Extract an encoded PDF without using OCR

I have a PDF file which I need to read without using OCR. I have used the PDF to Text activity, it reads and write to text file without any errors. But the problem is, the content is just a bunch of square, as the text is in some other encoding.

While doing some research, found out that this could be due to font details not being embedded in the PDF file. When I check the font details of the PDF, it gives as encoding-H. The font I get when the text is copied and pasted is something called Arial,Unicode#20MS. Tried by adding the font Arial Unicode MS to machine (don’t know whether it works that way) but couldn’t resolve.

Some help would be great…:slight_smile:

Try this -

  1. Create a text file with the intended encoding.
  2. Append the text to this text file.

I had the same issue and got resolved with this approach. (with other programming language)

1 Like

In my case, you mean encoding-H as the intended encoding? Or is it UTF something?

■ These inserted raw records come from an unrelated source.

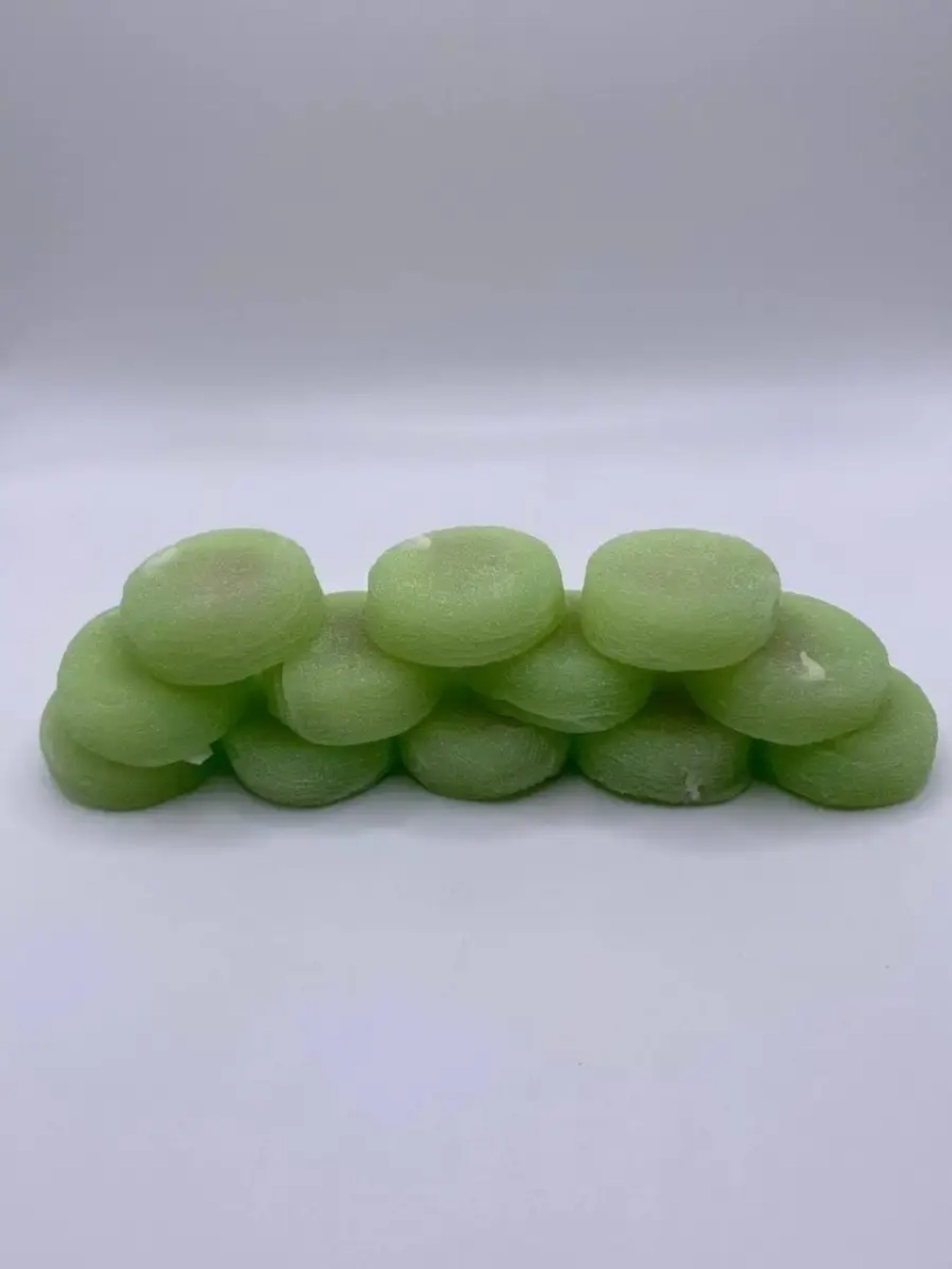 Пирожное (Mochi) со вкусом винограда,Рисовый десерт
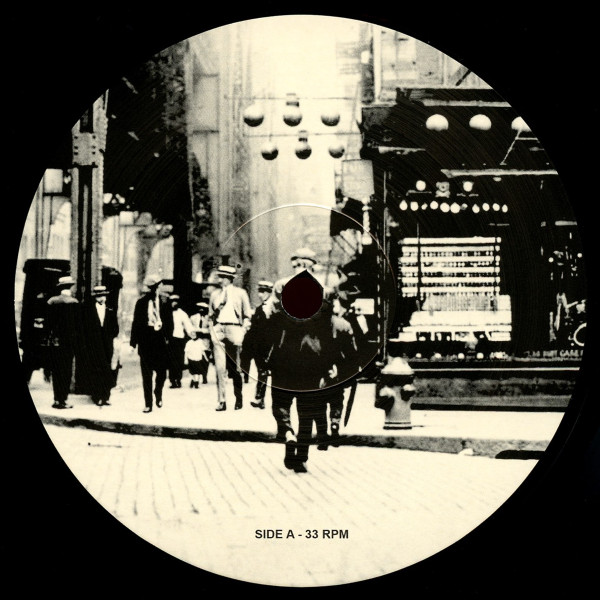 Television - Demos 1974-1975 | Waste Management (TONY008) - 3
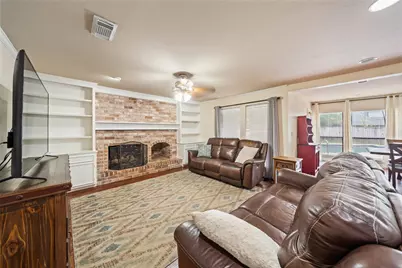 600 Hampton Hall Lane, Conroe, TX 77302 - Photo 14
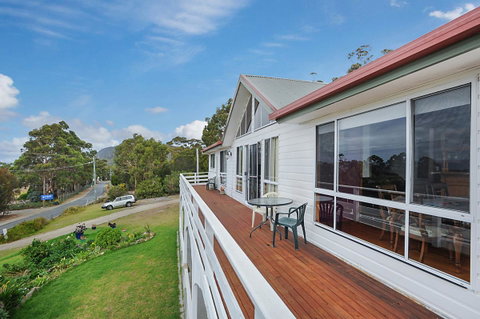 Harvey Farm Lodge - New South Wales Tourism  16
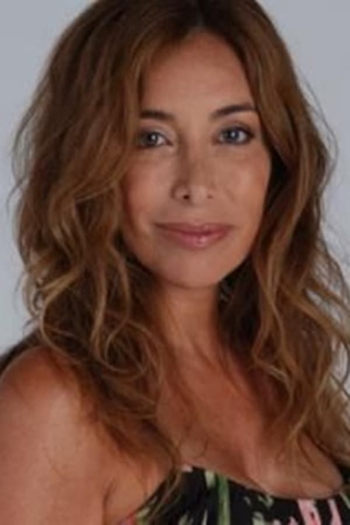 Actor Patricia Viggiano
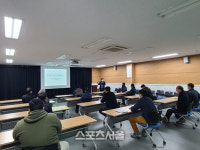 곡성군, 블루베리 공동출하시스템 구축을 위한 전문가 현장 컨설팅 실시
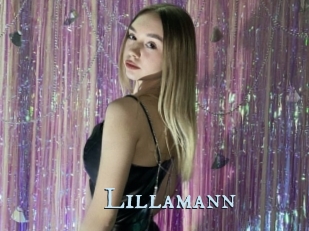Lillamann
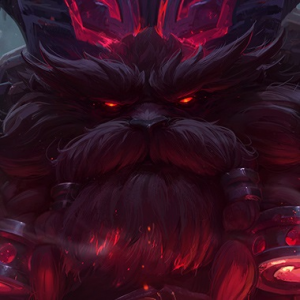 Ornnoriginaltile — League of Legends Champions option 99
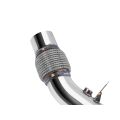 Downpipe FMIC.Pro BMW N55 F07 F10 F11 535i 535ix 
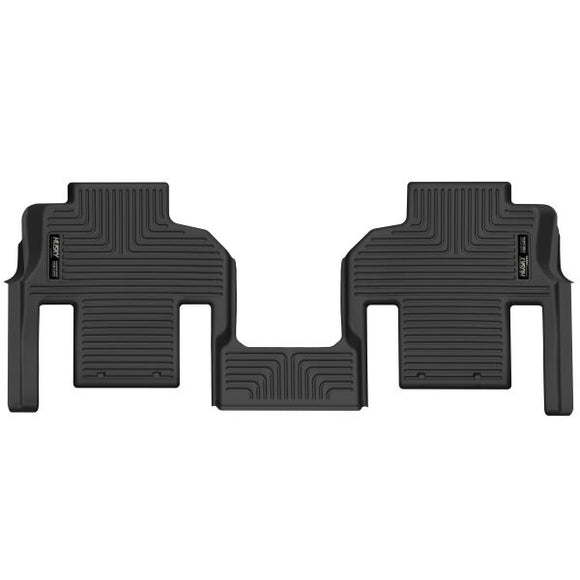 X-Act Contour Floor Liners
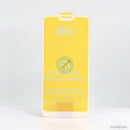 KÍNH CƯỜNG LỰC ĐT MI NOTE 6 PRO TRẮNG FULL (20K)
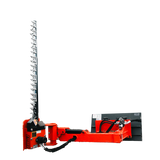 Mini Skid Steer Sickle Mower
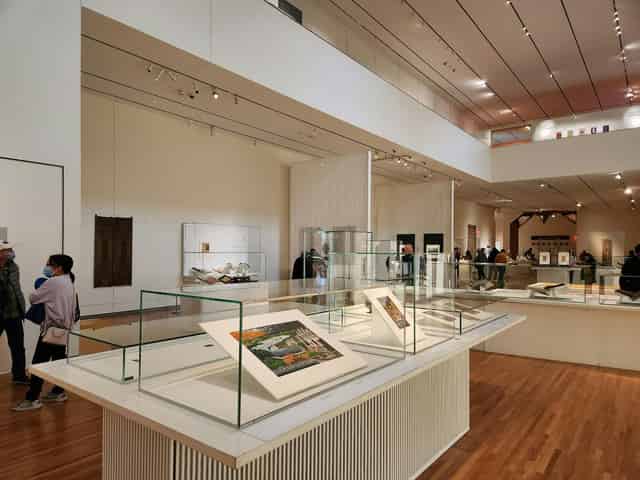 Exhibitions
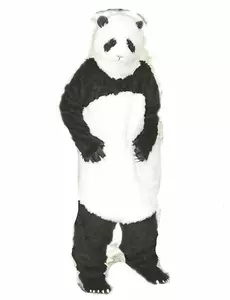Déguisement panda adulte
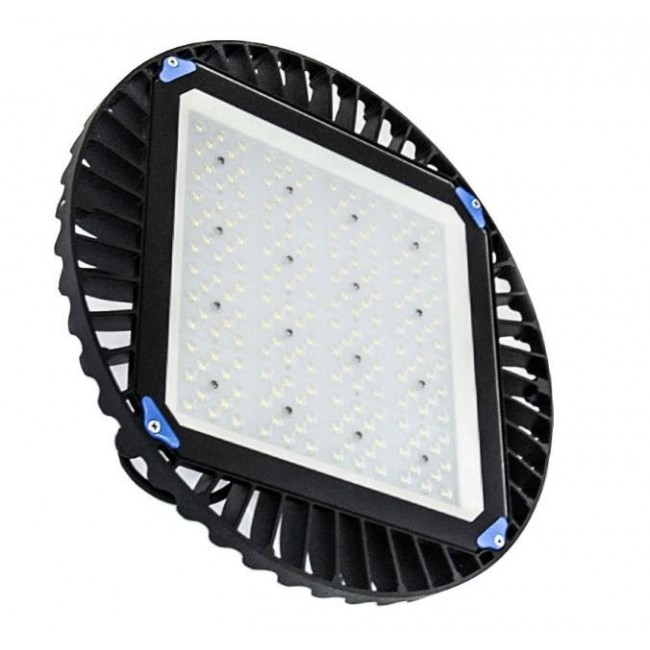 Светильник LED PWL UFO 240W 6500K IP66 HELIOS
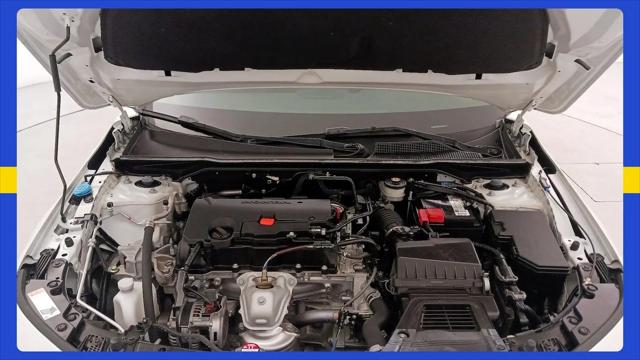 2024 Honda Civic Sport for sale in Gainesville, FL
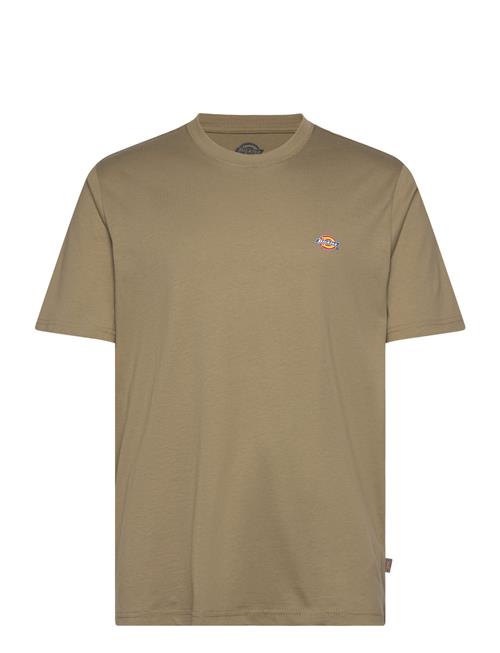 M Ss Mapleton Tee Dickies Green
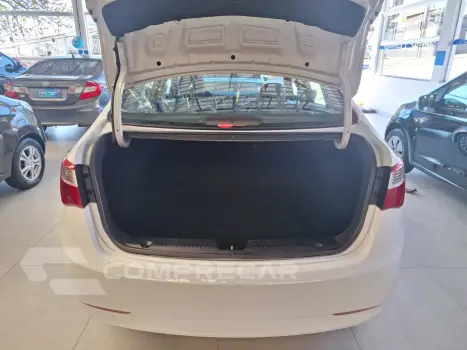 HB20S 1.0 12V Comfort Plus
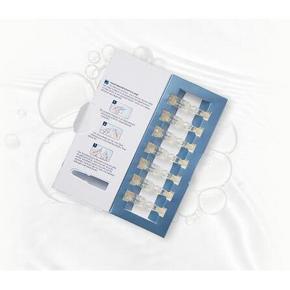 7天换肤# 德国 芭乐雅 玻尿酸安瓶 1ml*7支 59.9元包邮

I have created a text file with UTF encoding and appended to the text document with extracted content, but so far no luck…:frowning:

Is it ok to share the pdf file if not confidential. So will be easy to find out the issue.

Regards,
Karthik

Well, it is kind of confidential. If you need I can provide the property details of the file. But, it would be great if you can direct me on ways to find the missing components. I know that is not easy as it sounds…:confused: